*Instructions to follow*. After locating the line with "Cottage for sale", repeat it and every following line to the end of the listing, exactly. Omit the pictures.

*Records supplied*.

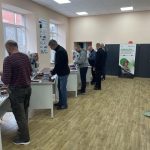 photo 5235475700179997455 y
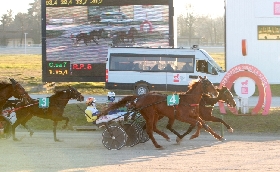 DOMENICA POMERIGGIO DI FESTA ALL’IPPODROMO SNAI LA MAURA CON TANTE INIZIATIVE PER LE FAMIGLIE E I BAMBINI. IN PISTA INVECE L’ATTESO ‘GRAN PREMIO MARIO LOCATELLI’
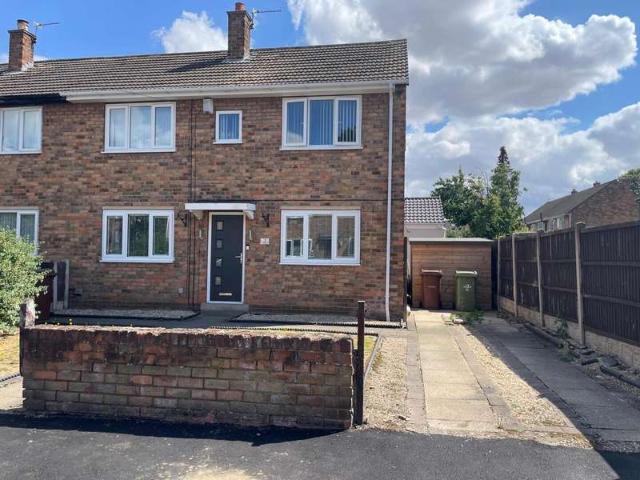 Cottage for sale in Ferrybridge, West Yorkshire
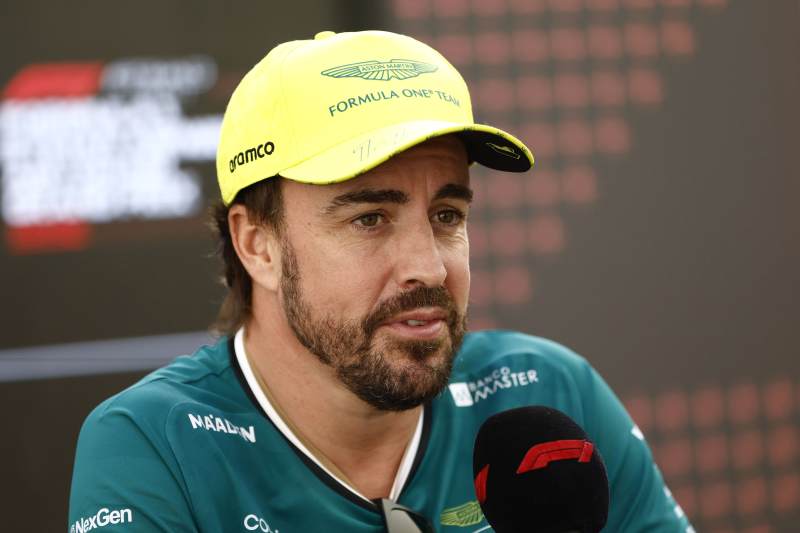 Alonso doznał kontuzji barku na torze Interlagos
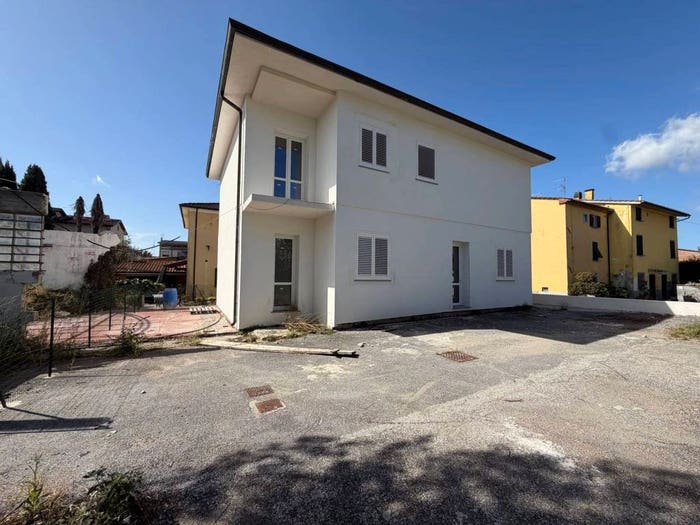 Appartamento trilocale in vendita in Segromigno San Colombano, Capannori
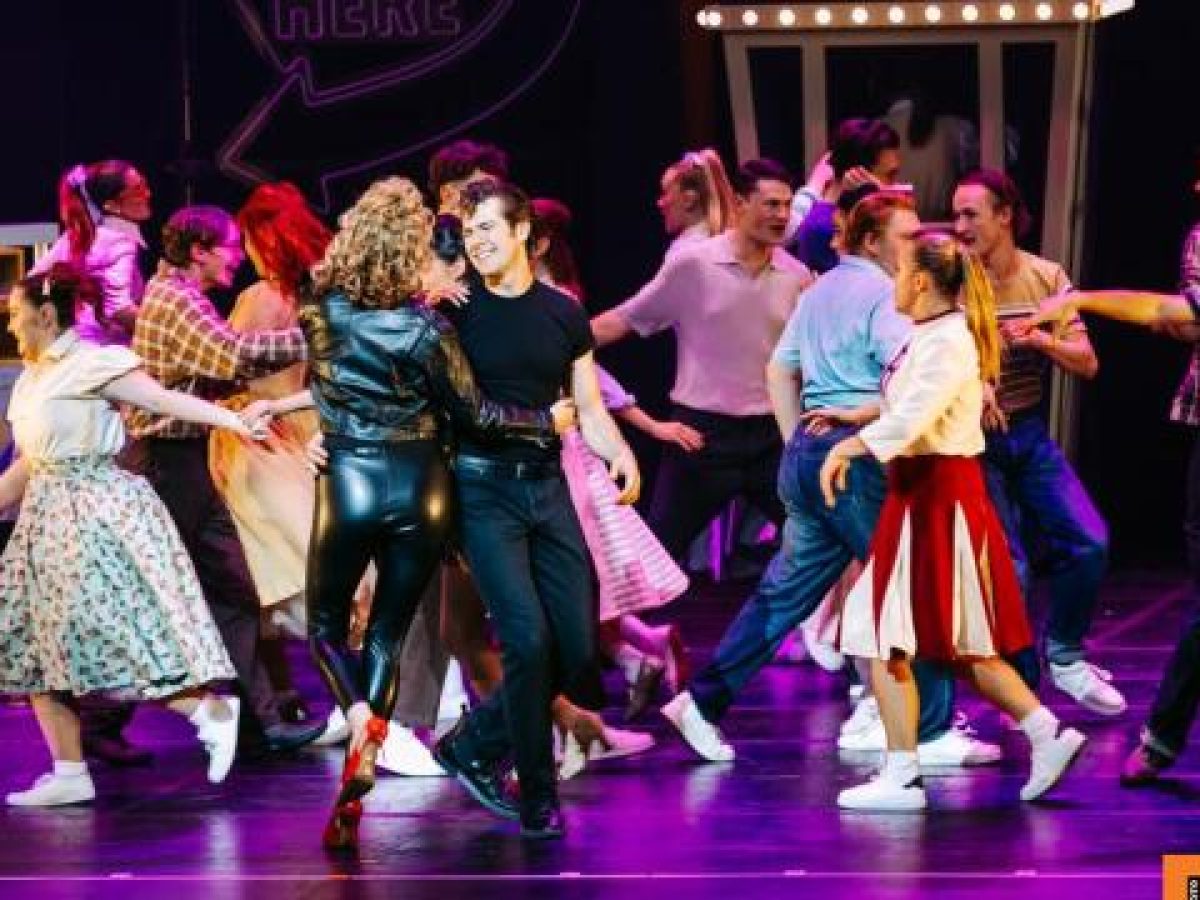 «Grease»: Το δημοφιλές μιούζικαλ έρχεται από το Λονδίνο στο Μέγαρο Μουσικής Θεσσαλονίκης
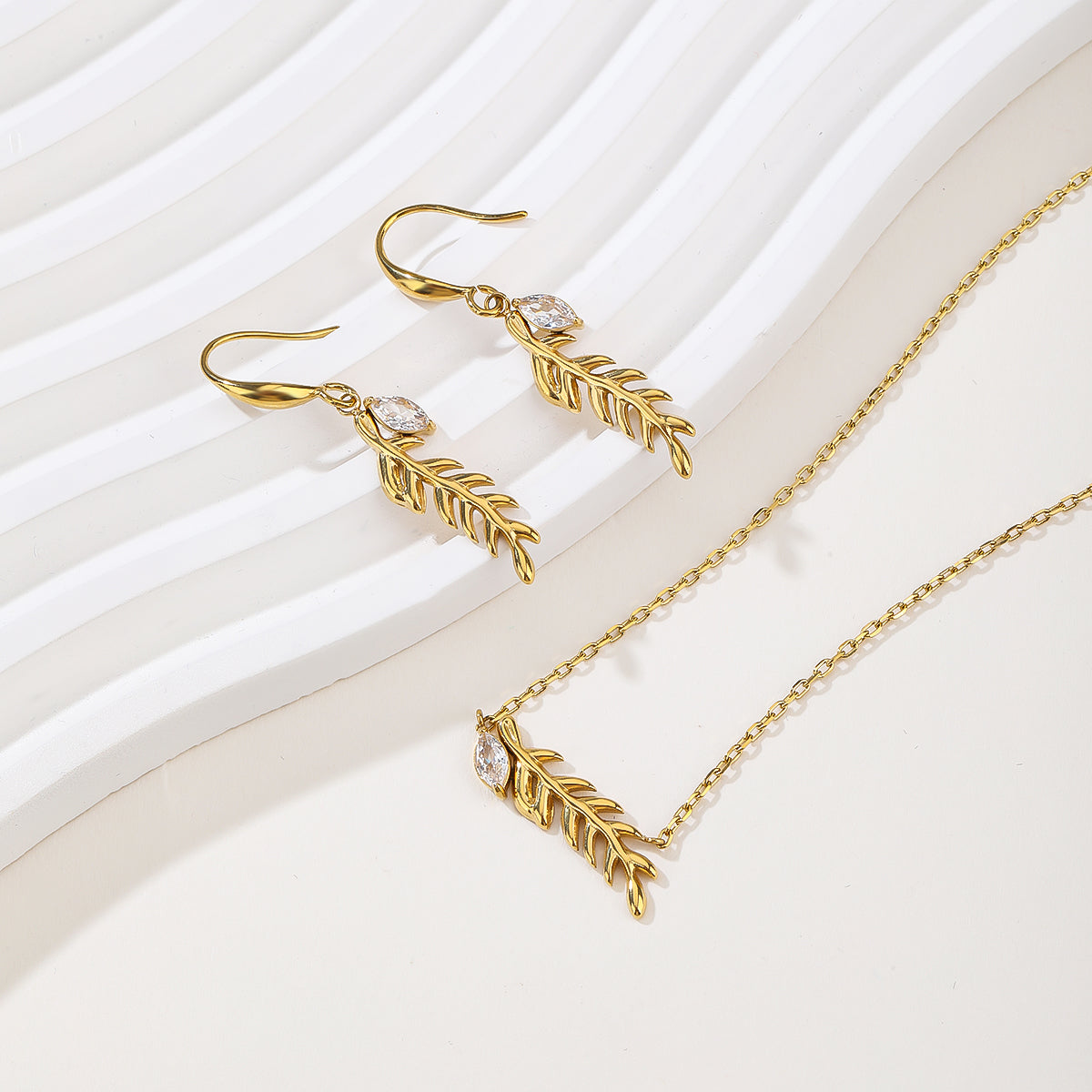 The most popular stainless steel jewelry set in 2026 necklace and earring best seller jewelry set with crystal stone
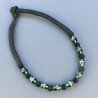 Collana girocollo di seta indiana nera con vetro di murano verde lavorato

*Result for this task*.
 Cottage for sale in Ferrybridge, West Yorkshire
 Alonso doznał kontuzji barku na torze Interlagos
 Appartamento trilocale in vendita in Segromigno San Colombano, Capannori
 «Grease»: Το δημοφιλές μιούζικαλ έρχεται από το Λονδίνο στο Μέγαρο Μουσικής Θεσσαλονίκης
 The most popular stainless steel jewelry set in 2026 necklace and earring best seller jewelry set with crystal stone
 Collana girocollo di seta indiana nera con vetro di murano verde lavorato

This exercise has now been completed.